I was considering complex numbers (independently) and I came across an interesting question. Are any of these statements true?

$$1<i$$

$$1>i$$

$$i<-i$$

$$-1<i$$

$$-i<i<-1$$

2. Apr 3, 2010

### HallsofIvy

Staff Emeritus
The complex numbers are not a "ordered field". Neither "1< i" nor "i< 1" is true. In fact, you simply cannot write "a< b" for general complex numbers a and b.

3. Apr 3, 2010

### Gerenuk

Indeed you cannot order complex numbers.
I guess, the order relations need to obey some sensible rules.
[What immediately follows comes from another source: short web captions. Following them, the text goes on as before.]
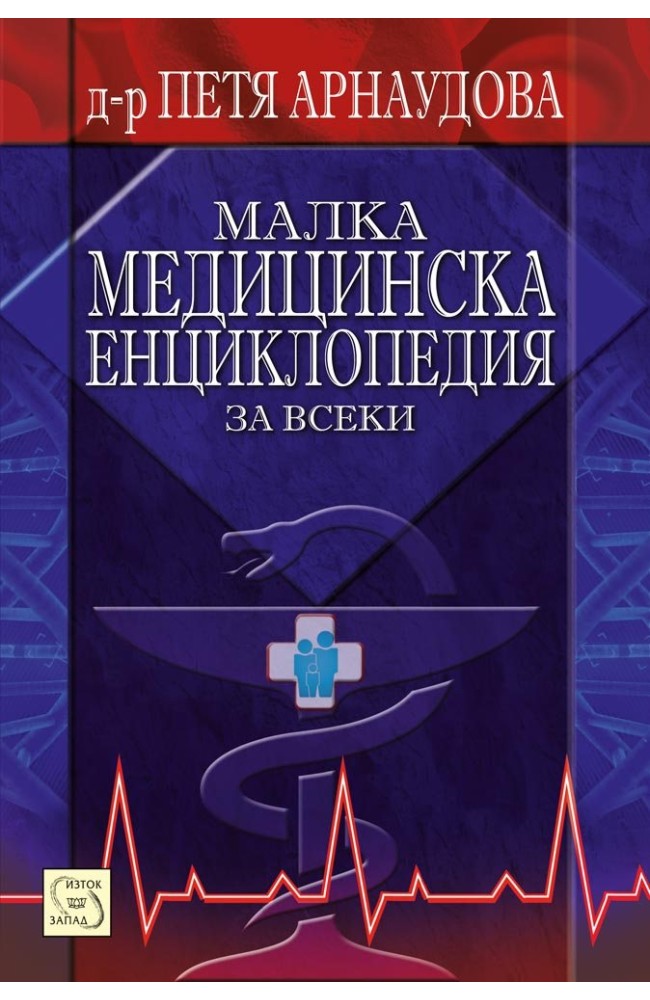 Малка медицинска енциклопедия за всеки
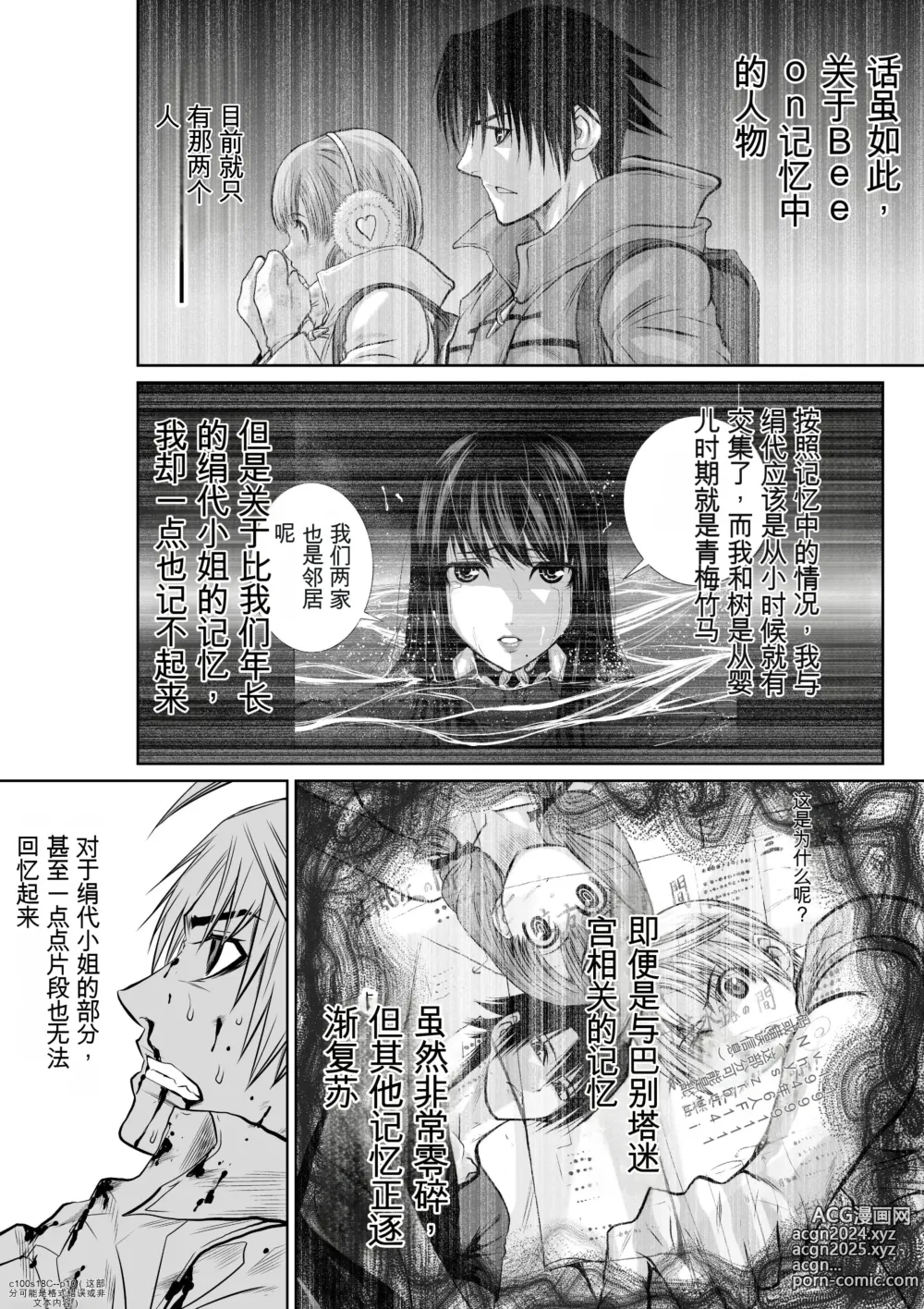 Page 631 of manga Chijou Hyakkai Ch1-30 [Digital] Chinese Version -《地上100阶》AI 机翻汉化版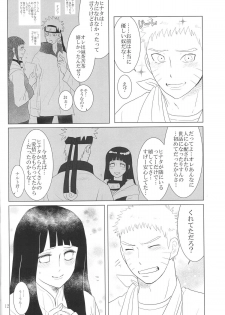 (Zennin Shuuketsu 2) [strikeparty (Izumi)] Kanata no omoi wa ryoute ni tokeru (NARUTO) - page 15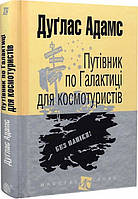 Путівник по Галактиці для космотуристів : роман (мал.форм.). Адамс Д. Навчальна книга - Богдан
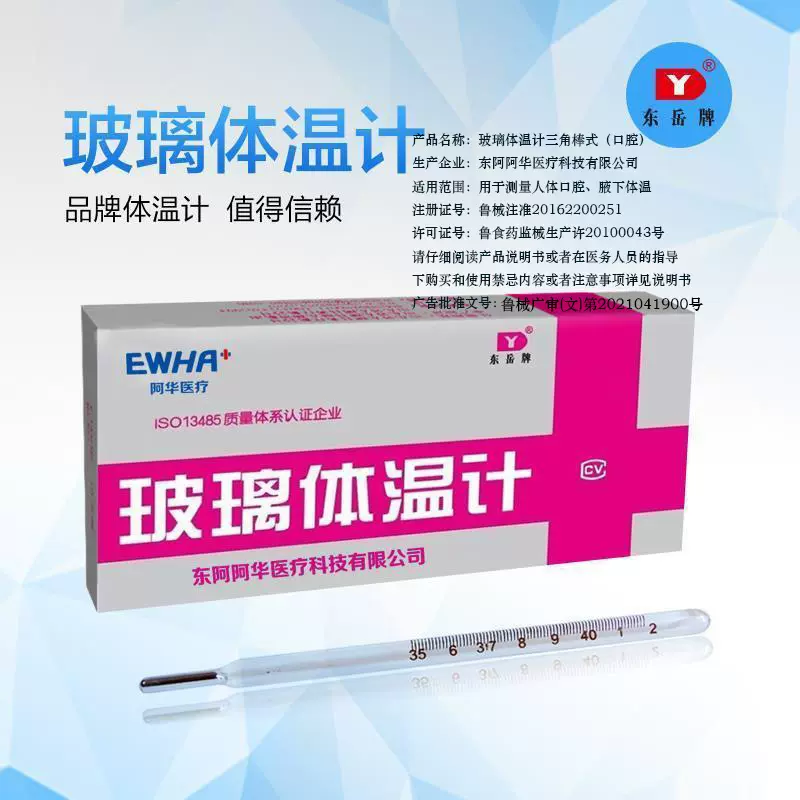 阿华医疗 东岳牌 水银玻璃体温计 三角口表 体温计厂家现货直供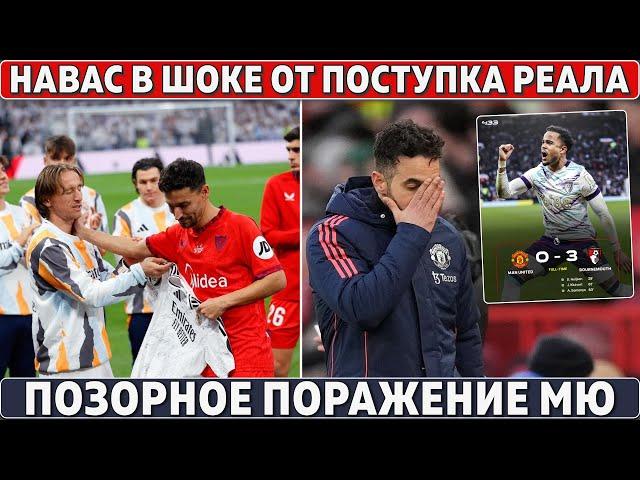 До СЛЕЗ: жест РЕАЛА НАВАСУ ● ПОЗОРное поражение МЮ ● Дьокереш в АРСЕНАЛЕ ● 9 голов в матче ЛИВЕРПУЛЯ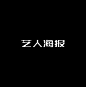 截屏2023-02-22 上午10
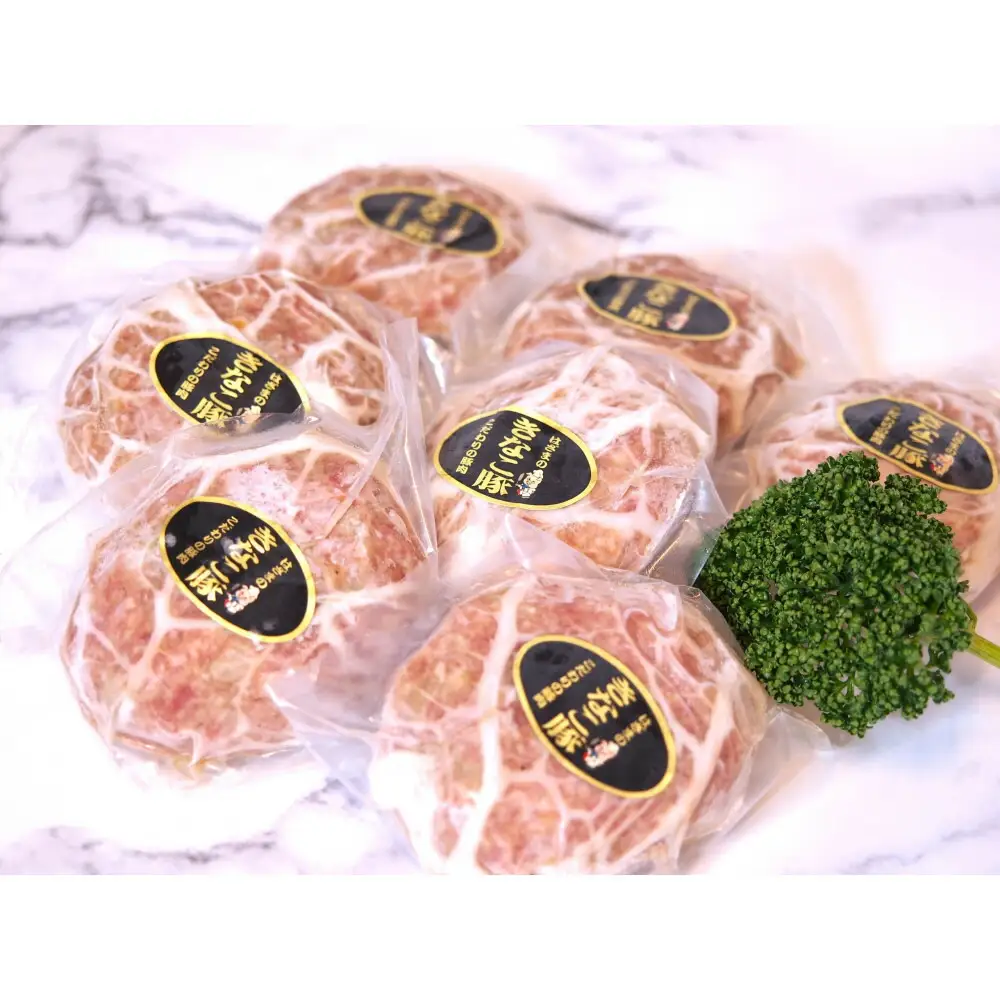 網脂で包んだチーズ入りきなこ豚ハンバーグ 130gｘ7個 | 肉 お肉 にく 食品 ハンバーグ 人気 おすすめ 送料無料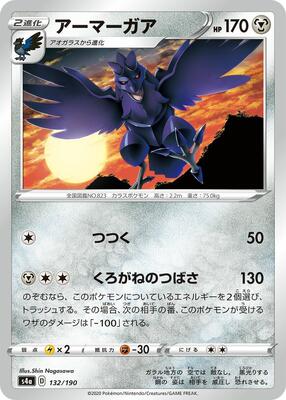 2020 Japanese Shiny Star V Corviknight #132 card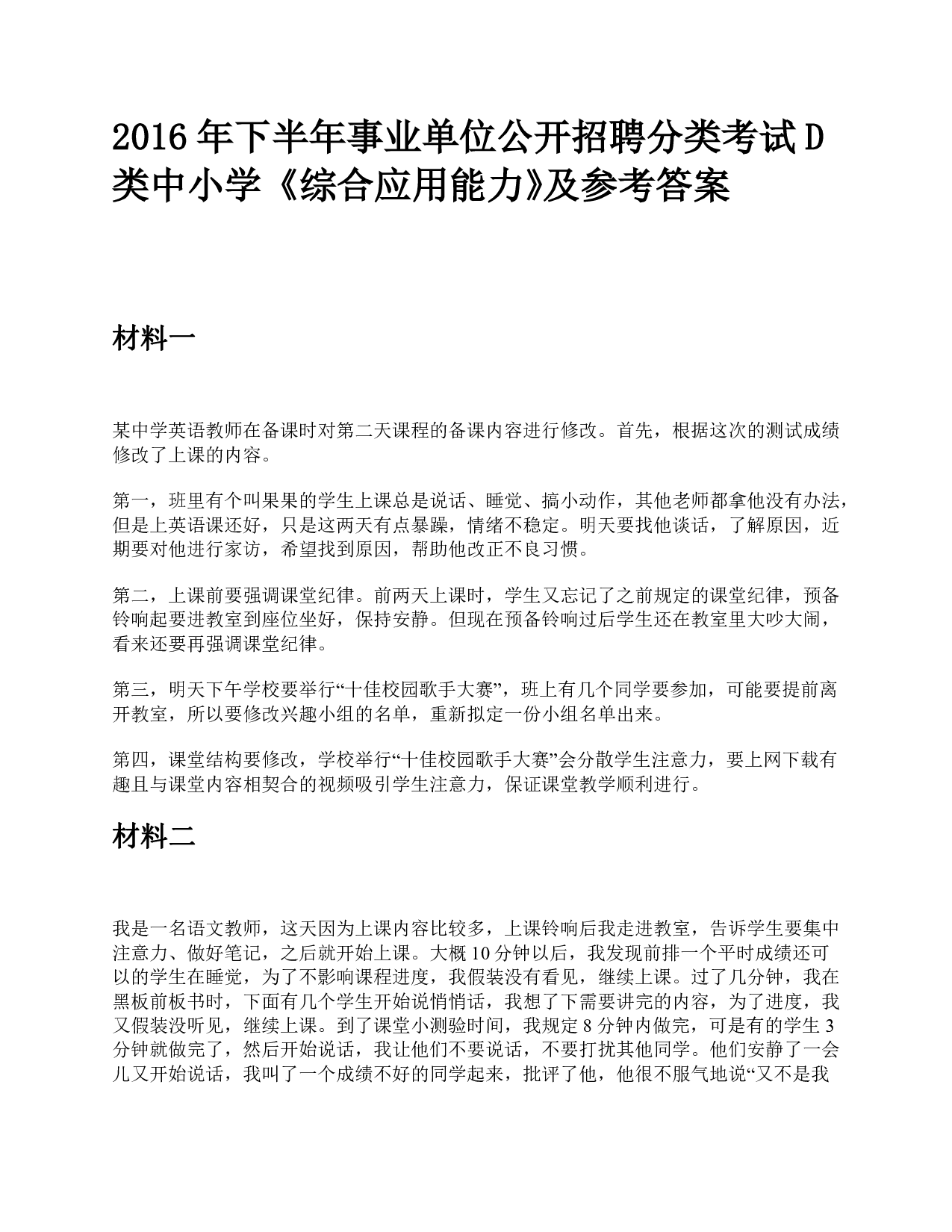 2016年下半年事业单位公开招聘分类考试D类中小学《综合应用能力》题及参考答案.pdf 第1页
With complex numbers you would always get contradictions. You could try to define the order by the modulus of the complex number. But then the universal law
$$a<b\qquad\Rightarrow\qquad a+c<b+c$$
would not hold for all complex numbers. Therefore you wouldn't be able to use the most basic properties for rearranging equations with variables.

4. Apr 3, 2010

### HallsofIvy

Staff Emeritus
Specifically, in an ordered field, the order must obey
1) if a< b and c is any third member of the field then a+ c< b+ c.

2) if a< b and 0< c, then ac< bc

3) For any two a, b in the field one and only one must be true:
i) a= b
ii) a< b
iii) b< a.

Suppose the Complex number were an ordered field with order "<". Clearly i is not equal to 0 so by (iii) either i< 0 or 0< i.

If i< 0 then, adding -i to both sides, by (i) 0< -i. So by (ii) we must have i(-i)< o(-i) or $-i^2= 1< 0$. Since this is not necessarily the "usual" order on real numbers that is not yet a contradiction. However, that implies, as before, that 0< -1 and then, multiplying i< 0 by -1, we have -i< 0, contradicting 0< -i above.

Suppose 0< i. Then 0(i)< i(i)= -1. But then 0(-1)< i(-1) so that 0< -i and, adding i to both sides, i< 0, again a contradiction.